A review session titled “The Iranian Narrative and Analysis of the Historical Developments of Russia” was held at KhabarOnline, featuring the unveiling of the book “Neo-Conservatism in the Putin Era: Roots and Ideas” authored by Mehdi Sanaei, Associate Professor at the University of Tehran and Political Advisor to the President. The session was organized in collaboration with the Institute for Iran-Eurasia Studies (IRAS) and featured Mehdi Sanaei (the book’s author), Mohammad Javad Zarif (Associate Professor at the Faculty of World Studies, University of Tehran), Ebrahim Motaghi (Dean of the Faculty of Law and Political Science, University of Tehran), and Hossein Salimi (President of the Iranian Political Science Association). It took place on Monday, April 22, 2024 (1st Ordibehesht 1404), from 4:00 PM to 6:00 PM at the KhabarOnline News Agency.
Mehdi Sanaei: Understanding Russia as a Prerequisite for National Self-Awareness
Mehdi Sanaei, author of “Neo-Conservatism in the Putin Era,” began the session by stating, “It is believed that we face challenges in understanding the world around us because countries with established civilizations often focus on self-reflection and pivotal moments in their history, potentially prioritizing this over understanding the external world. Sociologists argue that understanding the world is crucial for a nation’s self-awareness, especially in today’s world. Therefore, the primary goal of this book is to strive to understand our surroundings, with Russia being the focal point of this study.”

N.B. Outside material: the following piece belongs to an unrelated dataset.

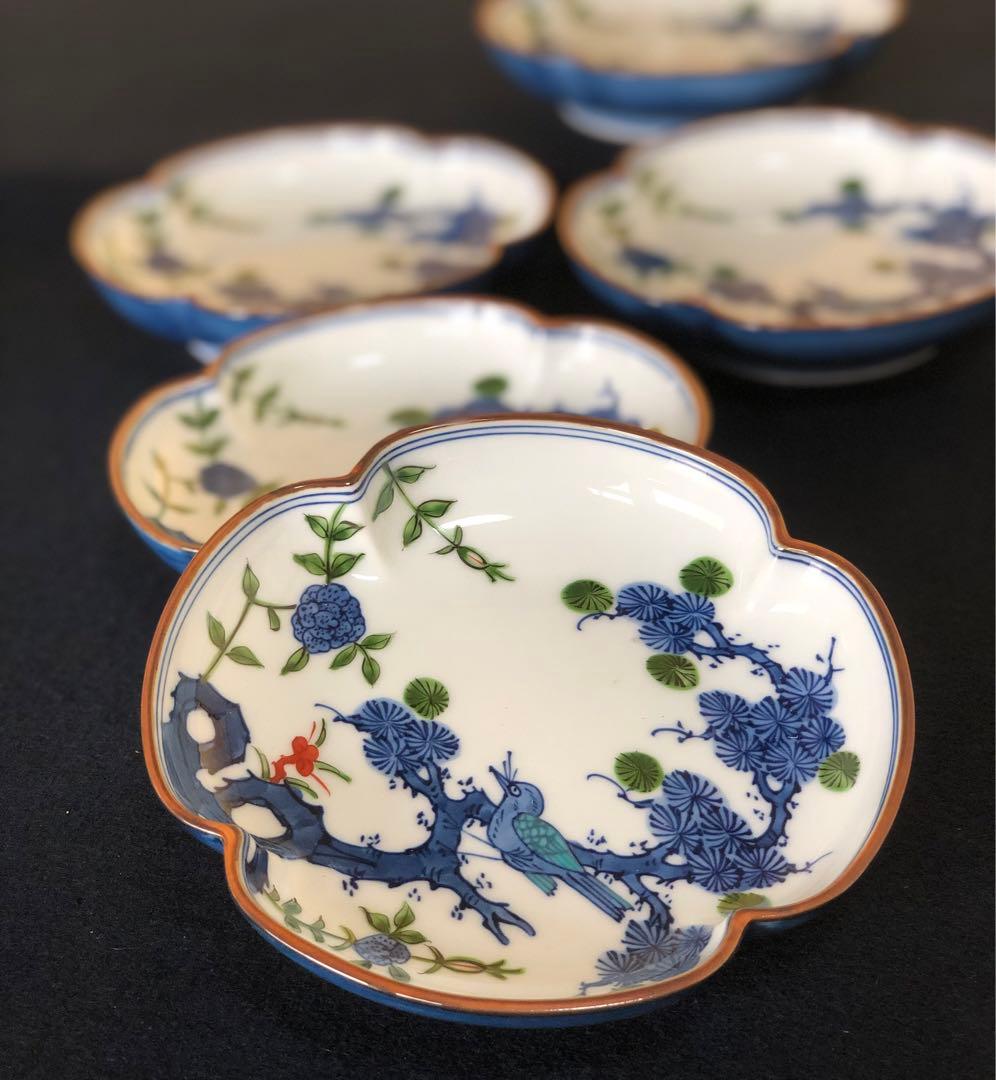 《レ》有田焼 源右衛門作 染錦松花鳥 木瓜 銘々皿5客 251127お1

In the “Political Thought of Russia” chapter of his book, “Neo-Conservatism in the Putin Era,” Dr. Mehdi Sanaei emphasizes the deep affinity between Iranian and Russian intellectual discourses. He notes that the book is the product of years of research experiences and field studies conducted before 2024 (1403), a period during which he held no executive responsibilities, allowing him ample time for academic reflection on Russia’s political developments. The primary motivation for writing the book was both personal interest and addressing a significant gap in the introduction of Russian intellectual and philosophical currents in Persian texts, as research and translations in Iran have primarily focused on post-Soviet military and security schools of thought.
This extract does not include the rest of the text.